Stored items

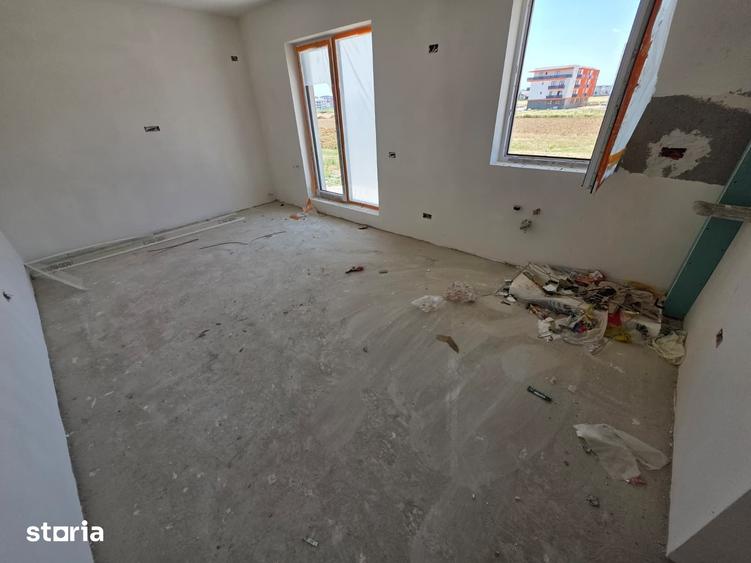 Apartament cu 2 camere decomandat în Dobroești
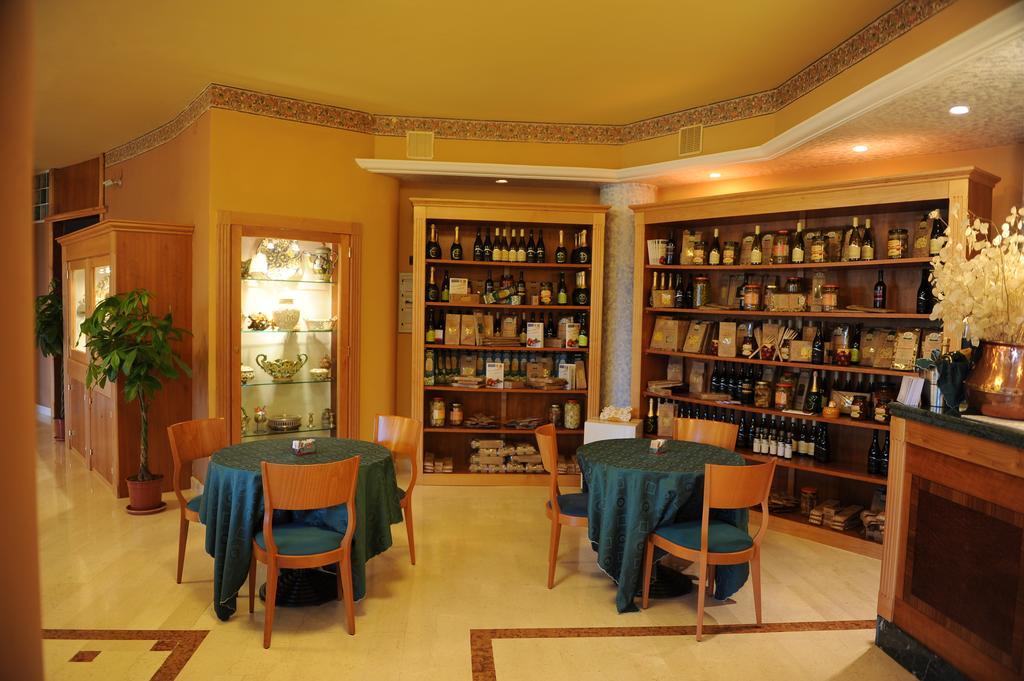 Hotel Arimannia كارامانيكو تيرمي المظهر الخارجي الصورة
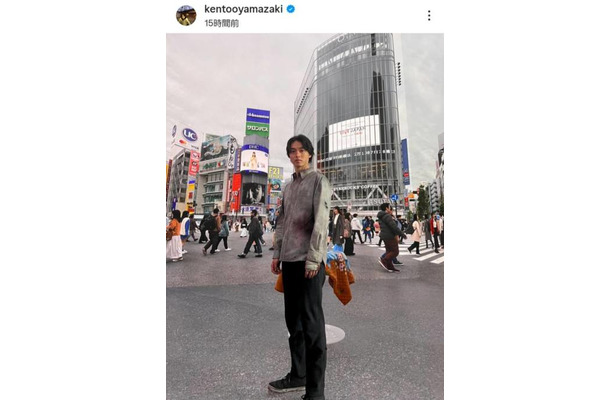 山崎賢人『今際の国のアリス』最新作のオフショ公開！「かっこよすぎる！」「どれもこれも素敵」の声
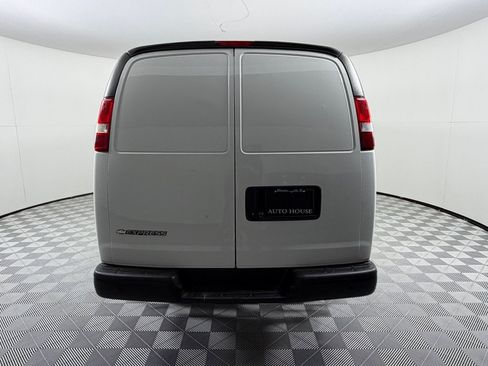 Used 2017 Chevrolet Express 3500 Extended RWD image 6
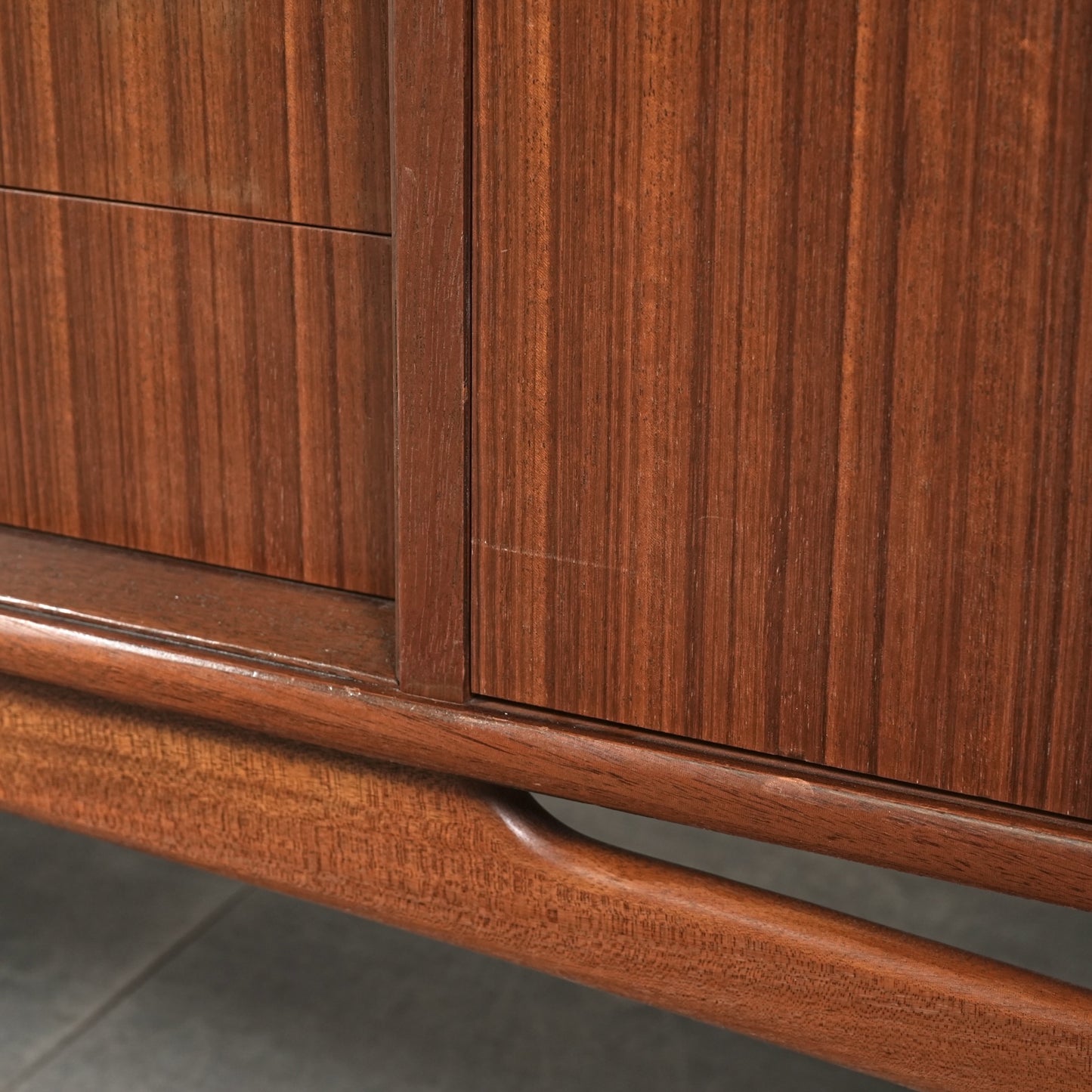 【G-PLAN】ヴィンテージ サイドボード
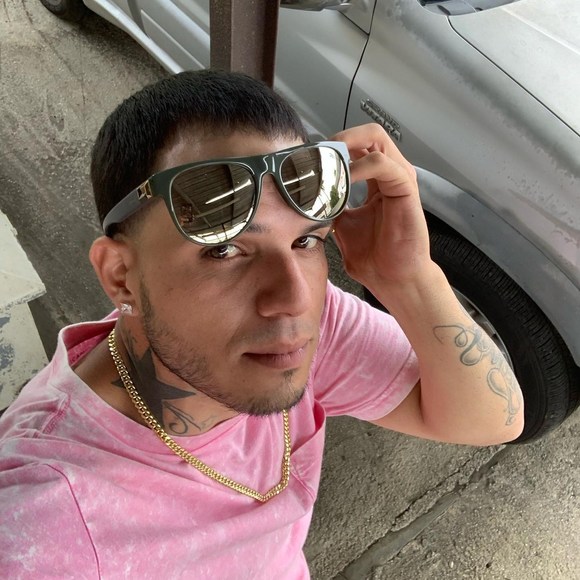 Profile Picture of Wilfred Colon (@derfliw1989) on Poshmark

Aim of the exercise — Take the line that contains "Hotel Arimannia كارامانيكو" as the first and the last line of the records as the end, and please quote those lines exactly, pictures omitted.

Response to the task —
 Hotel Arimannia كارامانيكو تيرمي المظهر الخارجي الصورة
 山崎賢人『今際の国のアリス』最新作のオフショ公開！「かっこよすぎる！」「どれもこれも素敵」の声
 Used 2017 Chevrolet Express 3500 Extended RWD image 6
 【G-PLAN】ヴィンテージ サイドボード
 Profile Picture of Wilfred Colon (@derfliw1989) on Poshmark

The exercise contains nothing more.